### Required work
Give again, exactly as written, the lines of the records below from the line with "male dancer silhouettes, energetic" to the line with "Мотор вентилятора двигателя". Both end lines count; pictures do not.

Web page caption snippets

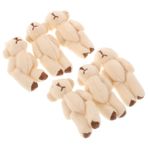 Toyvian 6 Adet Peluş oyuncak kolye peluş doldurulmuş ayı bebek mini ayı pasta süslemeleri kadınlar için ayı anahtarlıklar çanta süsü peluş mini ayı minik ayı bebekleri pp pamuk beyaz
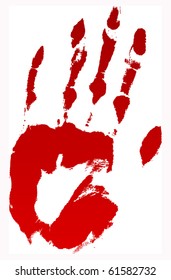 A Vector Bloody Hand Print On White.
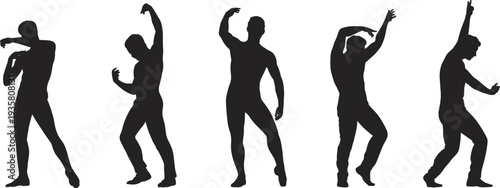male dancer silhouettes, energetic dance poses, modern dance movement figures, isolated black human silhouettes, dynamic body motion collection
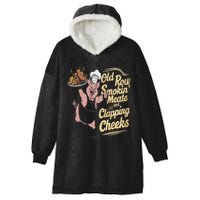 Old.Row Smokin Meats And Clapping Cheeks Funny Bbq Hooded Wearable Blanket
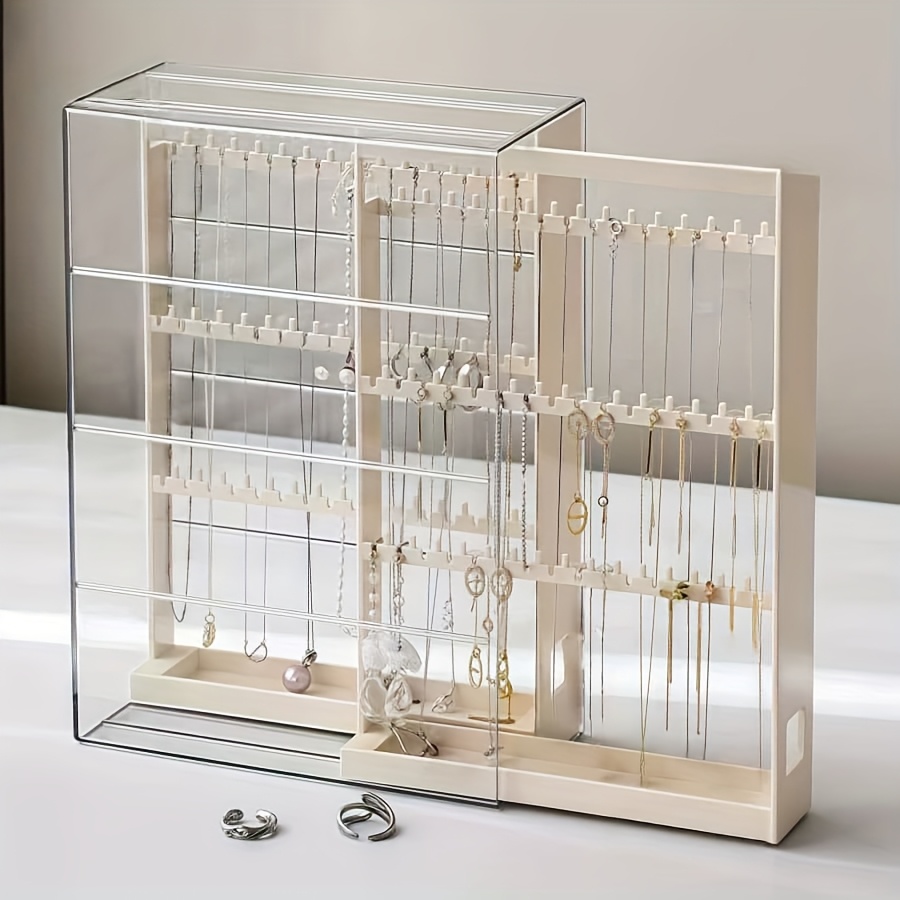1pc jewelry storage box with pull out display shelves keychain hooks durable plastic organizer for bracelets necklaces earrings bedroom bathroom holiday gifts back to school supplies Product details 0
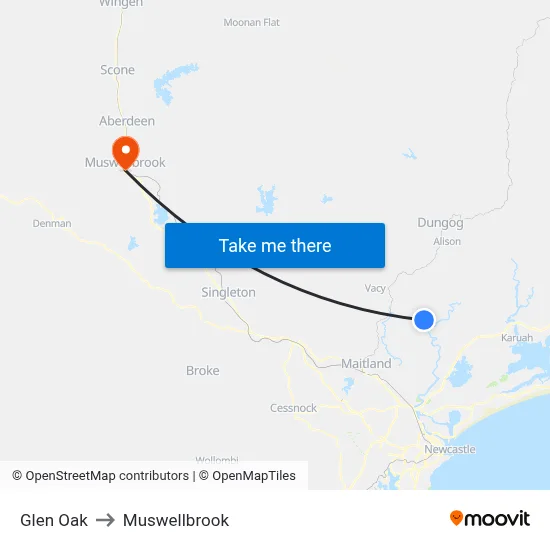 Glen Oak to Muswellbrook map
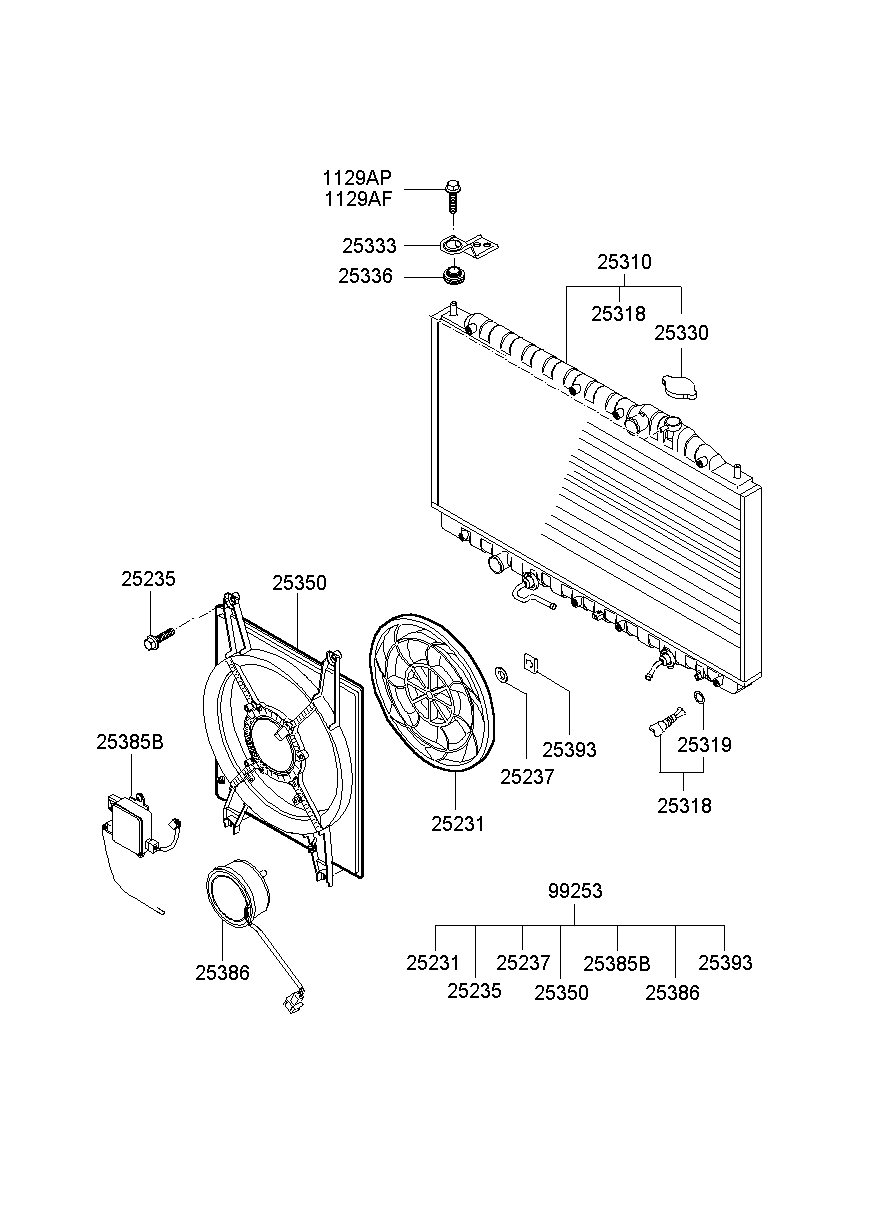 Мотор вентилятора двигателя для Хендай Экус 1999-2009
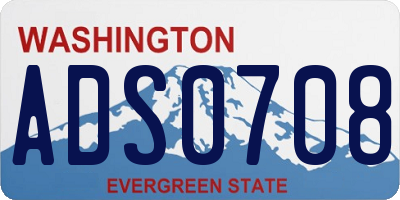 WA license plate ADS0708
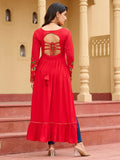 Awesome Red Kutchi Gamthi Work Rayon Traditional Long Kurti - Zeel Clothing
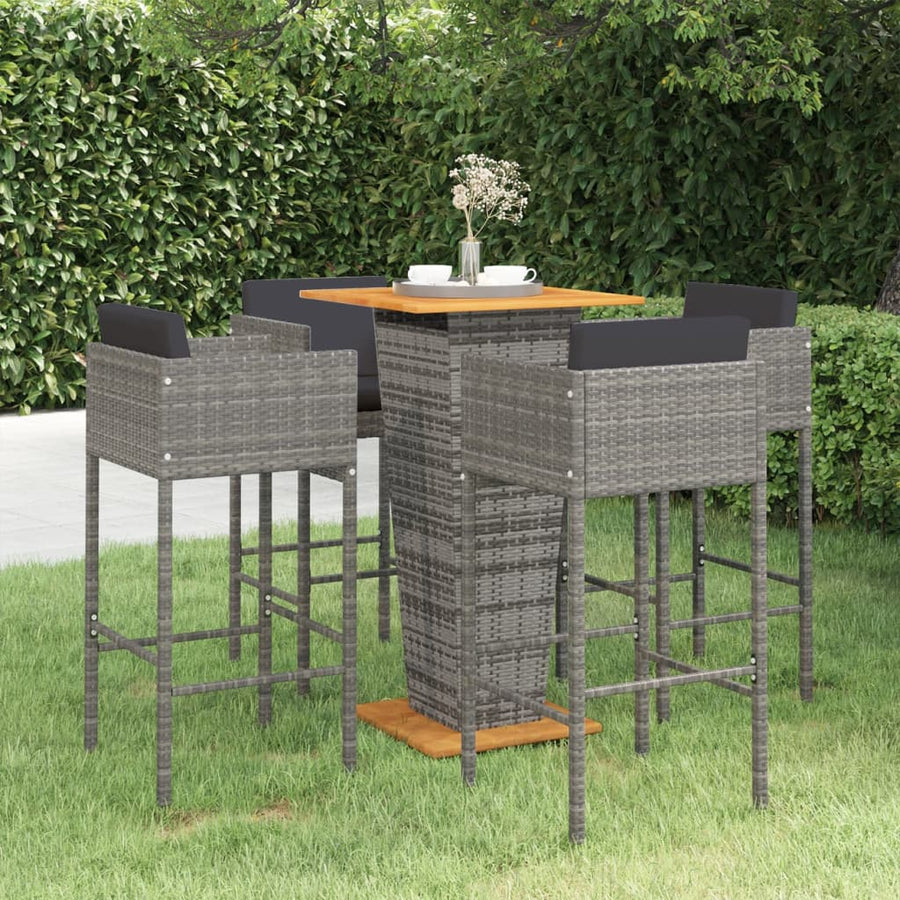 5-Delige Tuinbarset Met Kussens Poly Rattan 4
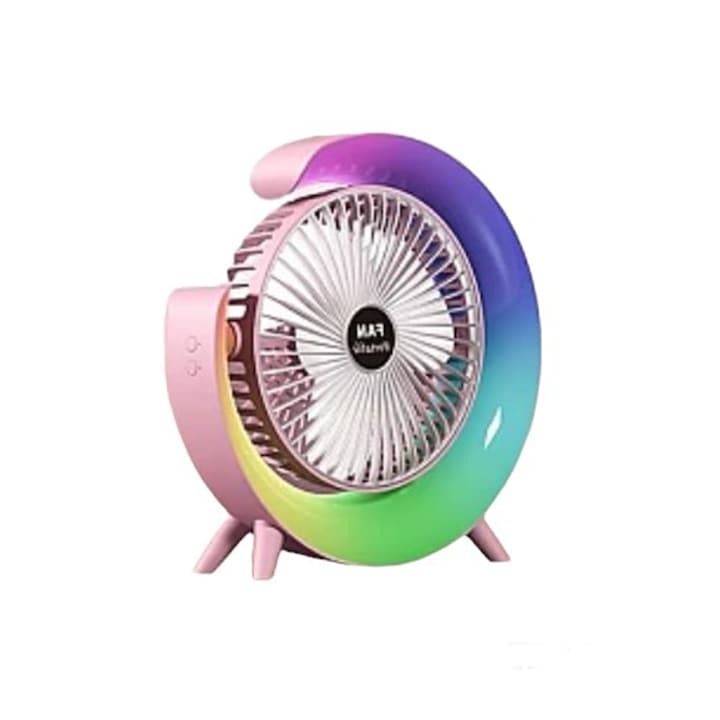 Mini asztali ventilátor, többszínű LED világítással, USB töltéssel, 180°-os beállítással, 3 működési sebességgel, hangulatvilágítással, fehér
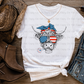 PATRIOTIC HIGHLAND COW - DTF TRANSFER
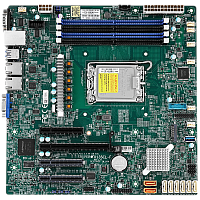MBD-X13SCL-F-Bbundle Материнская плата/ MB Supermicro X13SCL-F, Micro-ATX, 1x Intel Xeon 6300-series/ E-2400/Pentium (LGA-1700), 4x DIMM DDR5 UDIMM, 1 PCIe 5.0 x8 1 PCIe 5.0 x8 (in x16) 2 PCIe 4.0 x4 (in x8), 1 M.2 PCIe 4.0 x4 (M-key 2280/22110), 2x LAN 1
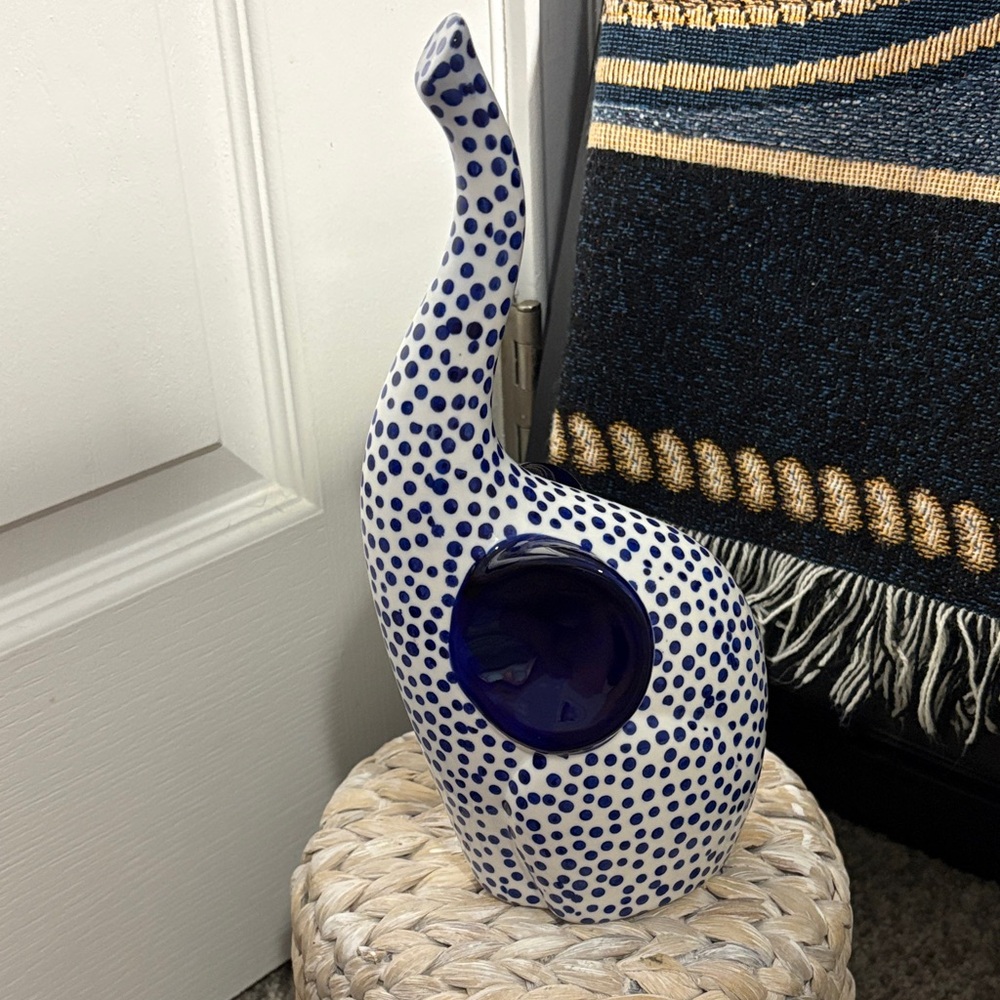 Blue and White Polka Dot Ceramic Sculpture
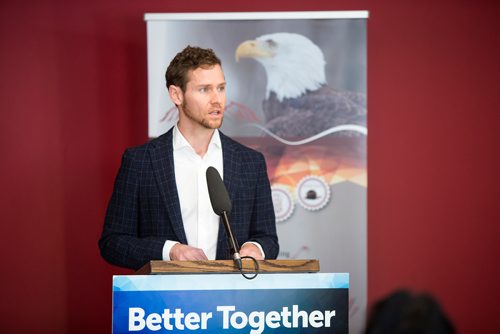 MIKAELA MACKENZIE / WINNIPEG FREE PRESS
Adam Jagelewski, director of the MaRS Discovery District, announces the launch of Manitobas first social impact bond restoring traditional childbirth practices with the aim of keeping newborns with their mothers and out of CFS at a press conference in Headingley on Monday, Jan. 7, 2019. 
Winnipeg Free Press 2018.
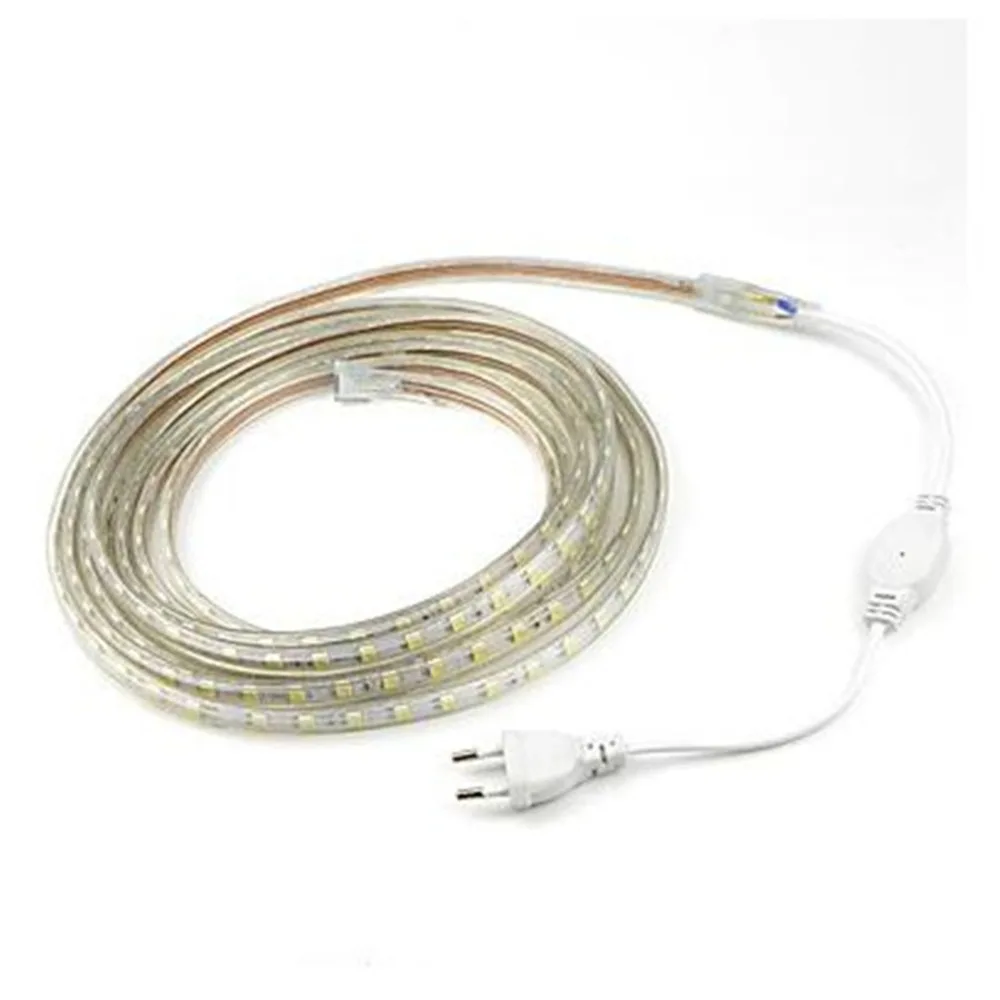 Светодиодная лента с usb-питанием AC220V в помещении и на открытом воздухе IP65 Водонепроницаемый лампочки на гибкой ленте с Подключаемый модуль для сада Кухня шкаф украшения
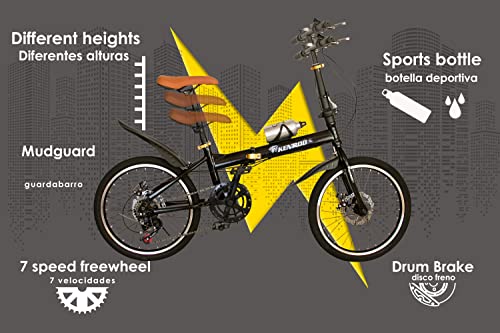 KEN ROD Bicicletas Plegables | Bicicleta Plegable Adulto | Bici 20 Pulgadas Adulto | Bici Plegable | Bici Plegable Urbana | Color: Negro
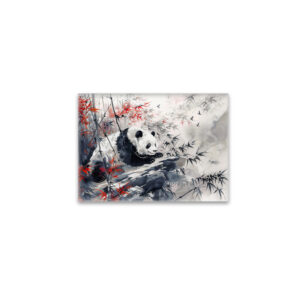 raxxa Glas-Magnet: Chinese Watercolor Panda and Bamboo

### Result below
male dancer silhouettes, energetic dance poses, modern dance movement figures, isolated black human silhouettes, dynamic body motion collection
 Old.Row Smokin Meats And Clapping Cheeks Funny Bbq Hooded Wearable Blanket
1pc jewelry storage box with pull out display shelves keychain hooks durable plastic organizer for bracelets necklaces earrings bedroom bathroom holiday gifts back to school supplies Product details 0
 Glen Oak to Muswellbrook map
 Мотор вентилятора двигателя для Хендай Экус 1999-2009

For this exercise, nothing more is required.